Rodger Bird

Profile
- Position: Safety

Personal information
- Born: July 2, 1943 Corbin, Kentucky, U.S.
- Died: May 16, 2020 (aged 76) Henderson, Kentucky, U.S.

Career information
- High school: Corbin (KY)
- College: Kentucky
- AFL draft: 1966 (7th round, 63rd overall pick)

Career history
- Oakland Raiders (1966–1968);

Awards and highlights
- AFL champion (1967); Second-team All-American (1964); 2× First-team All-SEC (1964, 1965);
- Stats at Pro Football Reference

= Rodger Bird =

American football player (1943–2020)

Rodger Paul Bird (July 2, 1943 – May 16, 2020) was an American professional football player for the Oakland Raiders of the American Football League (AFL). He was with the Raiders from 1966 through 1968 and played defensive back.

In Super Bowl II, Bird fumbled a punt by the Green Bay Packers' Donny Anderson late in the first half. The Packers recovered, allowing Don Chandler to kick a 43-yard field goal on the final play before halftime to increase Green Bay's lead to 16–7. The Raiders lost 33–14 in Vince Lombardi's final game coaching the Packers.
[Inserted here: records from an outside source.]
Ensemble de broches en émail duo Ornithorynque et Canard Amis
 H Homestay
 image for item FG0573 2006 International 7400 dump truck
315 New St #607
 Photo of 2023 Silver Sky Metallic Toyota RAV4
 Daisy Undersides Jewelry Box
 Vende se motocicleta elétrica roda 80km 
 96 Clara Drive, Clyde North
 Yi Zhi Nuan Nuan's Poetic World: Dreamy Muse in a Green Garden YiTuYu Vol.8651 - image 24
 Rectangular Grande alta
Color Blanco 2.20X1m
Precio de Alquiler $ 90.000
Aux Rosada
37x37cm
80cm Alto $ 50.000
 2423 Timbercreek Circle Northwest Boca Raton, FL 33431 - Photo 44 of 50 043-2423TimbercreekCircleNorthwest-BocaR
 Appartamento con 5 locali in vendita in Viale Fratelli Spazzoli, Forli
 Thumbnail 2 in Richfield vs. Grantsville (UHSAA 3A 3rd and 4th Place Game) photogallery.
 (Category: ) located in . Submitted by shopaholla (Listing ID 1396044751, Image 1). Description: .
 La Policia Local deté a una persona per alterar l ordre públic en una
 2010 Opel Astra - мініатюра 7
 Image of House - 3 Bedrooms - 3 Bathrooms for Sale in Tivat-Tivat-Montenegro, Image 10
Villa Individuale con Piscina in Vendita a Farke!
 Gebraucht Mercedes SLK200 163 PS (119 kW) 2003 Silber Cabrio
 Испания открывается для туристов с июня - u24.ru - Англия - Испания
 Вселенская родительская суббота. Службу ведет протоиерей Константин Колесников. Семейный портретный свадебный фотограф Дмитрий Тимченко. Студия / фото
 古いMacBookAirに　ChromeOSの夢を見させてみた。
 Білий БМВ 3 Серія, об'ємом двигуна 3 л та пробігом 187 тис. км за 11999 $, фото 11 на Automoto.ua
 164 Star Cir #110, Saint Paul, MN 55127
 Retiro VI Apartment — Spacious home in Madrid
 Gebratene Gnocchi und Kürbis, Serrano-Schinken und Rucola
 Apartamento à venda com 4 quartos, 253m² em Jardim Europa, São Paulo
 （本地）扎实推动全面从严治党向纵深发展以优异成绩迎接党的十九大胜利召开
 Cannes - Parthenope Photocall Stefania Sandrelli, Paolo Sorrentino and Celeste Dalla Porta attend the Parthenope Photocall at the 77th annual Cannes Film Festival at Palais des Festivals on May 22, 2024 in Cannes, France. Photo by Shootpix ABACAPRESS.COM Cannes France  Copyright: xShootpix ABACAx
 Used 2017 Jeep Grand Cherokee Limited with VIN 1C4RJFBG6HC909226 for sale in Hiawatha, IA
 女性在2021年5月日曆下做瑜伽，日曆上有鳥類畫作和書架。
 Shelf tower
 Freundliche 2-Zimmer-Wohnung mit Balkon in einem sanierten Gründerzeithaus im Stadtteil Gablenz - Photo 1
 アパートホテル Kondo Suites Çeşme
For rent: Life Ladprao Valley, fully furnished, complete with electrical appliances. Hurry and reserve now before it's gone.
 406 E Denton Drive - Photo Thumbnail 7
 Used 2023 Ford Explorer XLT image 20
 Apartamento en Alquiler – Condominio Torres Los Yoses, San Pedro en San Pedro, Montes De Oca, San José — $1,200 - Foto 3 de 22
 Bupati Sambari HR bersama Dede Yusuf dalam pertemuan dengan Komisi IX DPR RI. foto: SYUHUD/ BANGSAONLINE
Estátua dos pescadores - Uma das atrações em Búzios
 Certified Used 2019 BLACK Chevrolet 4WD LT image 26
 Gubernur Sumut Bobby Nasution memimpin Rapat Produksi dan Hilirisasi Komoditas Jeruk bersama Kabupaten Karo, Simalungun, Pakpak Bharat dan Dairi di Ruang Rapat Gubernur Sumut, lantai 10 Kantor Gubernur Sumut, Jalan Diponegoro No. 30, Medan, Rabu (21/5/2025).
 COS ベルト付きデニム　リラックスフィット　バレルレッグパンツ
He played college football at the University of Kentucky for the Wildcats and high school at his hometown Corbin High School. Bird rushed for 1,699 yards and 21 touchdowns at Kentucky and played safety as well. He was a two-time All-SEC selection in 1964 and 1965 and a Time Magazine All-American in 1965, and was inducted into the Kentucky Athletic Hall of Fame. Bird's three brothers, Jerry, Calvin and Billy played either basketball or football at the University of Kentucky.

On May 16, 2020, Bird died at the age of 76 at his home in Henderson, Kentucky.